The active flux (AF) method is a compact high-order finite volume method that simultaneously evolves cell averages and point values at cell interfaces. Within the method of lines framework, the existing Jacobian splitting-based point value update incorporates the upwind idea but suffers from a stagnation issue for nonlinear problems due to inaccurate estimation of the upwind direction, and also from a mesh alignment issue partially resulting from decoupled point value updates. I will talk about using flux vector splitting for the point value update, offering a natural and uniform remedy to the two issues.
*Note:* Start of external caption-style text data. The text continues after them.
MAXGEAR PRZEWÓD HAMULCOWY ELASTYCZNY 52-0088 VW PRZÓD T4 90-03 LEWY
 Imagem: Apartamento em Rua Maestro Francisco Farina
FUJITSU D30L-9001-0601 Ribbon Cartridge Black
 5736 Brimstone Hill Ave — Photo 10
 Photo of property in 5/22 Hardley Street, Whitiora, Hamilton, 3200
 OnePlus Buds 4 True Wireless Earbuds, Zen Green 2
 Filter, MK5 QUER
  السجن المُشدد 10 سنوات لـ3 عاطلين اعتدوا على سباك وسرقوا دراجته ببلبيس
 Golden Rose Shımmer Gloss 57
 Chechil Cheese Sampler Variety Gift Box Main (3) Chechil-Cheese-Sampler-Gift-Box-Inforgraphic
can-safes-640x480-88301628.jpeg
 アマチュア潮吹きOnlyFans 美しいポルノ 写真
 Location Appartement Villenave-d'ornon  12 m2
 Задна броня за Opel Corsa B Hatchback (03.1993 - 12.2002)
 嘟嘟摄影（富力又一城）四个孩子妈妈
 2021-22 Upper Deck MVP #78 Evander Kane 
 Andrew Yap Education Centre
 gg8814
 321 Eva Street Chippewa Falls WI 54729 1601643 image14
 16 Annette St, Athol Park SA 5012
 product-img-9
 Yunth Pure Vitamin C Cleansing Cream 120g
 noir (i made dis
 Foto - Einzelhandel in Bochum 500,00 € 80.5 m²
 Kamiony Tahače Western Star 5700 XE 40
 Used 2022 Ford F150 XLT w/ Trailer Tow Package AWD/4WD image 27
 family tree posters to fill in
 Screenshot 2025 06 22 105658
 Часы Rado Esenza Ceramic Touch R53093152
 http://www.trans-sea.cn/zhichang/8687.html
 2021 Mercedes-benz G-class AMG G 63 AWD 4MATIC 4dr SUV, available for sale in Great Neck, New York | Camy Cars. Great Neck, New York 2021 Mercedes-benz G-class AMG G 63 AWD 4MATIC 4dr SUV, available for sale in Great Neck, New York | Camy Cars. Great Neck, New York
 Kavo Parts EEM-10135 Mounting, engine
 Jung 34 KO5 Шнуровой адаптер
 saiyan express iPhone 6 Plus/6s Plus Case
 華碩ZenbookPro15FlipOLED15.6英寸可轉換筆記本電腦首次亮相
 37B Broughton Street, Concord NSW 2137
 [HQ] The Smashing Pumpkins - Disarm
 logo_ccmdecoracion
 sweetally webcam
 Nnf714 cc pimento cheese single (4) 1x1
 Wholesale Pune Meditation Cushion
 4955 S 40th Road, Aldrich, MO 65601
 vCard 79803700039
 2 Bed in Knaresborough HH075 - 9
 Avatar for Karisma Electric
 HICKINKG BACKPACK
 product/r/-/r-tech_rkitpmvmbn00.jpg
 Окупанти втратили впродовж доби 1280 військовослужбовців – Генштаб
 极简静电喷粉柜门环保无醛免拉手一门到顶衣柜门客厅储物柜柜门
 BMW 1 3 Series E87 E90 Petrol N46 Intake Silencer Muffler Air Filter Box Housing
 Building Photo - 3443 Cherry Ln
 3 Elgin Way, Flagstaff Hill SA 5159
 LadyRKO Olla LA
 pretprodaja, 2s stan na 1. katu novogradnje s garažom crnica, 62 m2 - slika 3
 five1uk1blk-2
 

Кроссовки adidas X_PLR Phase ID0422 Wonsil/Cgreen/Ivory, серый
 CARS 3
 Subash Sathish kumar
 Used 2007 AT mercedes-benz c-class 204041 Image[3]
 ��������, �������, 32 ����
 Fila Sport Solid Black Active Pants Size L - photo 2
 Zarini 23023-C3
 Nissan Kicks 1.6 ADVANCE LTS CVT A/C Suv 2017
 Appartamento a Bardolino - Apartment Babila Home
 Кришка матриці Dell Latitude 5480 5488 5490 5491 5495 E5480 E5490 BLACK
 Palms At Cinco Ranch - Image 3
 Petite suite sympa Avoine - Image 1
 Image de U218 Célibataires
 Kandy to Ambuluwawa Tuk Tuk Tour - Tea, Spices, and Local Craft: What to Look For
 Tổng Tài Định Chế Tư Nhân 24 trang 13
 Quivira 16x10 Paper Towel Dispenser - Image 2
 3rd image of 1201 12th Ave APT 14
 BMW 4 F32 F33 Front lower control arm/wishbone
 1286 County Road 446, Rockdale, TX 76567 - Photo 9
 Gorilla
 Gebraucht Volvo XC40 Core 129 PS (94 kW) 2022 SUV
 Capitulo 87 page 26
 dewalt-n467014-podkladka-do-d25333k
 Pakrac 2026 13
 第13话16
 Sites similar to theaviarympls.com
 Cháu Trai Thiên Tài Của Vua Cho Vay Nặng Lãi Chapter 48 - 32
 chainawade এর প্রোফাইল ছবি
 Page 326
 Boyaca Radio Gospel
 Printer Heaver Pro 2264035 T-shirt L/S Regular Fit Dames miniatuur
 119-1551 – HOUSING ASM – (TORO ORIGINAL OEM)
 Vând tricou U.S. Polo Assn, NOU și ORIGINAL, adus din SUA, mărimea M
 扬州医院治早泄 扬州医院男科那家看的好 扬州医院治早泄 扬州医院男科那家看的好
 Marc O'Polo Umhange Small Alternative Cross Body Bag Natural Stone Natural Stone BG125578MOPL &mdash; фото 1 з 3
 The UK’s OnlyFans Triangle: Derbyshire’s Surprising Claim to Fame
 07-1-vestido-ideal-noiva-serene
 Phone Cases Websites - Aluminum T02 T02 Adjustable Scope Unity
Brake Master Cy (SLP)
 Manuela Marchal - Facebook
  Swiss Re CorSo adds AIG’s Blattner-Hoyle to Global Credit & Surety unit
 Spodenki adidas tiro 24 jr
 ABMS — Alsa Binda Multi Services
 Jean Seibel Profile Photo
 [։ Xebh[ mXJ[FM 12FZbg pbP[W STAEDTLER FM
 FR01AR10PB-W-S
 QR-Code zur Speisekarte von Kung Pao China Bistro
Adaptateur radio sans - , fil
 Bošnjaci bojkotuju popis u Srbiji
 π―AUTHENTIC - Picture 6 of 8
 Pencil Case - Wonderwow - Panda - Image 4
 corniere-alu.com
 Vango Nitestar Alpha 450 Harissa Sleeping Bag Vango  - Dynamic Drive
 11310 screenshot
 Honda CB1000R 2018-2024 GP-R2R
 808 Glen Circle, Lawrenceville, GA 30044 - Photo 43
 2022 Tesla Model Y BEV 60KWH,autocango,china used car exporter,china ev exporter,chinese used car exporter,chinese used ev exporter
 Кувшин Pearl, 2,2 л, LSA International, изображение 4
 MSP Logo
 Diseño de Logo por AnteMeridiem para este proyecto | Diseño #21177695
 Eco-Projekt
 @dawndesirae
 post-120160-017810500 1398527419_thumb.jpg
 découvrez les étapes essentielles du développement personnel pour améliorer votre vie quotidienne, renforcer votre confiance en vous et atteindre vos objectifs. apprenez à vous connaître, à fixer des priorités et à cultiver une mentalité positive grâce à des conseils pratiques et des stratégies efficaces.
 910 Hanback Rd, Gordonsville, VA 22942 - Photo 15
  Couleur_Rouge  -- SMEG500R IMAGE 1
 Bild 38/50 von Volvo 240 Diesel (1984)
To improve robustness, I will also talk about bound-preserving (BP) AF methods for hyperbolic conservation laws, with applications to the compressible Euler equations and ideal magnetohydrodynamics. A shock sensor-based limiting will be discussed for suppressing oscillations.

段俊明, 香港中文大学(深圳)理工学院副研究员、博士生导师。分别于2016年和2021年获北京大学学士和博士学位, 随后2021至2023年于瑞士洛桑联邦理工学院开展博士后研究, 2023至2025年在德国维尔茨堡大学担任洪堡博士后。主要研究方向为流体力学中的数值方法, 包括双曲型偏微分方程的高精度数值方法和参数化时变问题的高效降阶建模等。研究成果发表于JCP、 SISC、 AIAA、CMAME等主要期刊。入选国家级青年人才项目(海外), 曾获德国洪堡基金会博士后项目资助和北京计算数学学会优秀青年论文一等奖等荣誉。